Work required
As the answer, give exactly the lines of the records below from the one with "istock Male patient" through the one with "Togolese police forces", ends included and pictures left out.

Data for analysis
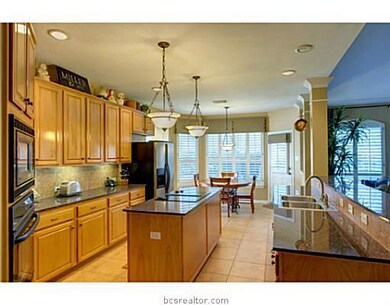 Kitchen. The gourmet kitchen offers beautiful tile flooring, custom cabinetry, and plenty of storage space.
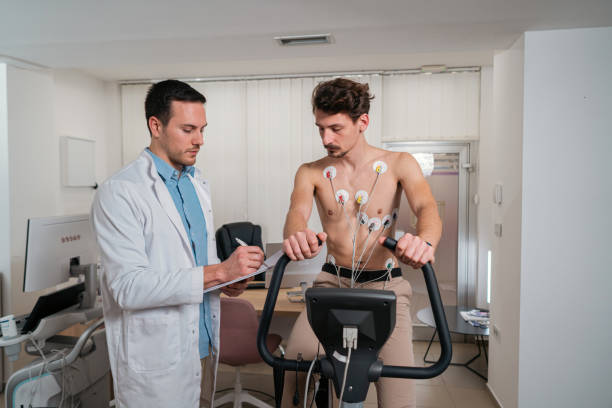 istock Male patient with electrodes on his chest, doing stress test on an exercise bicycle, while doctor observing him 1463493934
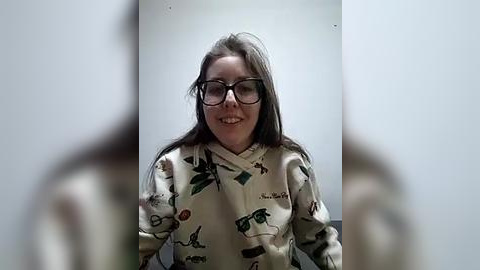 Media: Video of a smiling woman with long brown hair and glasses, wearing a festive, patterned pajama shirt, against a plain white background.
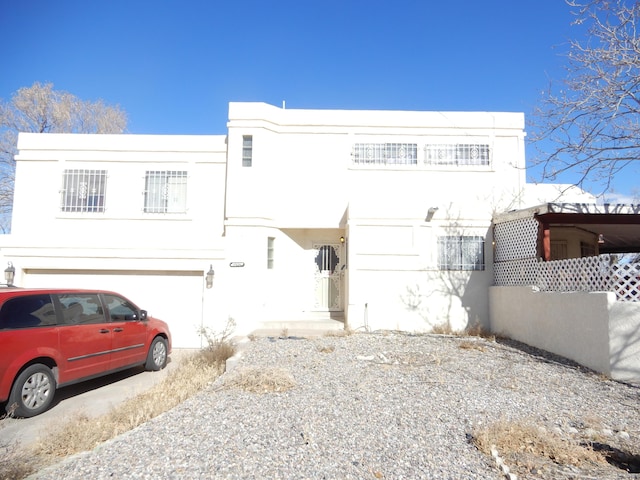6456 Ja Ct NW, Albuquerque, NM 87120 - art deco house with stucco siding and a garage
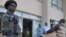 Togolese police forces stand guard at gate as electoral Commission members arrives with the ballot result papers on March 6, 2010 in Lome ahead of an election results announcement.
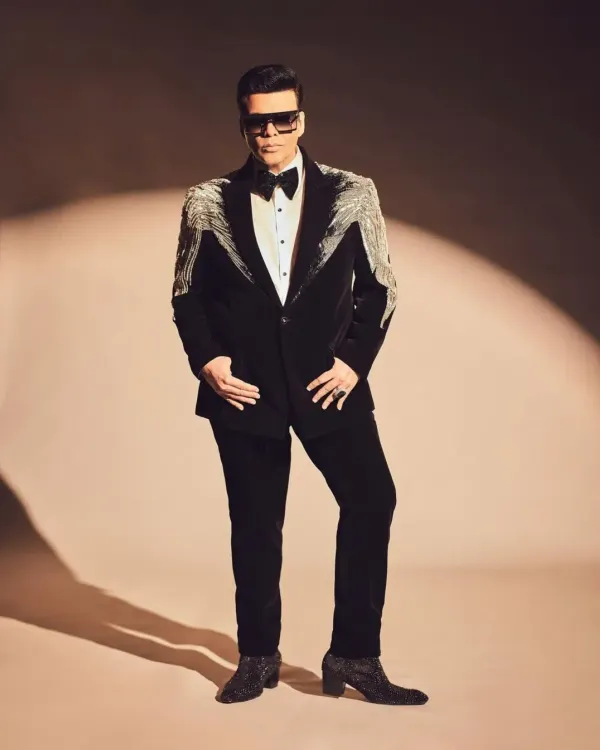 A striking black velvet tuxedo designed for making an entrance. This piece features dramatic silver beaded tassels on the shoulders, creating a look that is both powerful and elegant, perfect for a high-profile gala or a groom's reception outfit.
* * *
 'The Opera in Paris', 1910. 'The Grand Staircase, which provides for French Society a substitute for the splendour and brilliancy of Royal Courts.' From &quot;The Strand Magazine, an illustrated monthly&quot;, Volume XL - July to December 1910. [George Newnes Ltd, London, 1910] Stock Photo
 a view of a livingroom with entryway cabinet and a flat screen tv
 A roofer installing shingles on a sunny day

Exercise solution
 istock Male patient with electrodes on his chest, doing stress test on an exercise bicycle, while doctor observing him 1463493934
 Media: Video of a smiling woman with long brown hair and glasses, wearing a festive, patterned pajama shirt, against a plain white background.
6456 Ja Ct NW, Albuquerque, NM 87120 - art deco house with stucco siding and a garage
 Togolese police forces stand guard at gate as electoral Commission members arrives with the ballot result papers on March 6, 2010 in Lome ahead of an election results announcement.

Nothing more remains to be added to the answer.